Charney argued that policing is a complicated career and there are many different areas where officers are required to be proficient, such as the criminal code, technical skills, and legal issues.

“In my view, 12 weeks of training at the [Ontario Police College], even with a few weeks prior pre-training and a few weeks post-training, is simply not sufficient to meet the needs of police officers in a complicated and difficult job,” he said. “More educated police officers will be better equipped to deal with the modern demands of modern policing.”

Norm Feaver, counsel for the OPP, took issue with the recommendation of police officers requiring a post-secondary education, calling it elitist.

“I would say a post-secondary degree doesn’t necessarily translate to a better police officer,” he said. “Can we say that if all police officers had a post-secondary education that would somehow prevent deaths in similar circumstances? I would submit that is not the case.”

Feaver added that such a requirement could also preclude certain groups from pursuing a career in policing, such as Indigenous people or other marginalized groups that may face barriers to access to education.

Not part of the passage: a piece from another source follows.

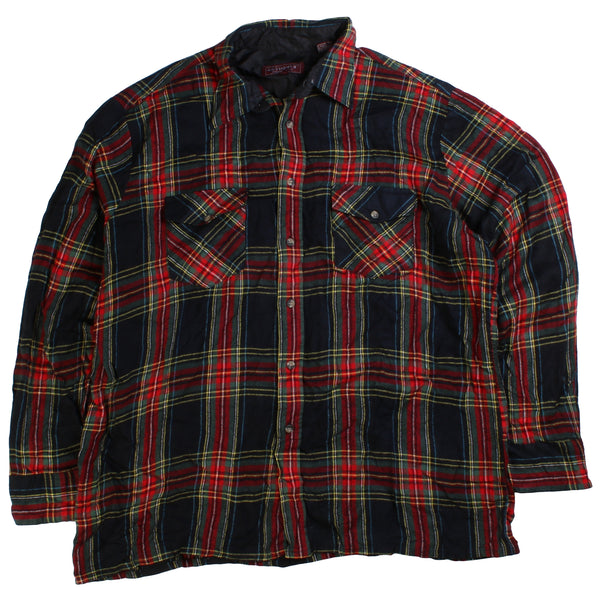 Anthony's  Check Long Sleeve Button Up Shirt XLarge Navy Blue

“Isn’t it individuals from these groups we want to see reflected in policing?” Feaver said.

Charney also argued that training needs to create a cultural shift within policing to negate the concept that some deaths cannot be prevented.

He referenced testimony by the responding officers who said they did not feel they had any other option at the time than to use lethal force, and even after six years of reflection, that opinion had not changed.

“Training needs to introduce this idea that these deaths are preventable,” Charney said.

“I don’t agree with the comment that all deaths are preventable,” Feaver argued during his closing submission. “If someone comes at you with a knife and tries to stab you, how is that that preventable?”

The jury will now deliberate on the manner of death and any recommendations it wishes to hand down. While the parties jointly agreed that the manner of death is homicide, it is ultimately the jury’s determination.